Недаром свое первое обращение к народу по радио Сталин начал теми словами, с какими обращается обычно с амвона священник к пастве:
— Братья и сестры!..
Тогда же, в самые первые дни войны, он принял решение слегка ослабить вожжи. А потом, когда немцы в оккупированных областях стали открывать церкви, эти вожжи были распушены даже очень основательно.
Из тюрем и ссылки стали тысячами возвращаться священники, муллы, раввины, ксендзы и пасторы.
Было разрешено открыть духовные школы.
Дано было согласие на созыв Поместного собора и избрание патриарха (только восшествие патриарха на престол просили именовать не по-русски — интронизацией. Иначе получалось, что в стране существуют два престола).

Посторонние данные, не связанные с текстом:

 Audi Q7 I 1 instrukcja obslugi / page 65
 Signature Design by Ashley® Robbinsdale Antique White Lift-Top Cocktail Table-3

Была выпущена (для заграницы) роскошно изданная книга «Правда о религии в СССР»[48]. (Один мой московский приятель сказал, что эта «Правда» — самая лживая книга на свете.)
Начал выходить «Журнал Московской Патриархии»[49].
Высшее духовенство получало теперь приглашения на официальные приемы в Кремле. В Большом зале московской консерватории был дан концерт для представителей православного духовенства. Не был там, но видел на газетной фотографии диковатое зрелище: тысячи зрителей, и все бородатые, все в рясах и с наперсными крестами.
Центральные газеты печатали обращения церковных руководителей к верующим, — и не только патриотического содержания, с призывом воевать до победного конца или жертвовать сбережения в фонд обороны, но, помнится, и на такие специфически-религиозные темы, как «О христианской дисциплине», о необходимости соблюдения постов и т. п.
Это было время, когда нам, верующим людям, позволено было чуть-чуть посвободнее дышать.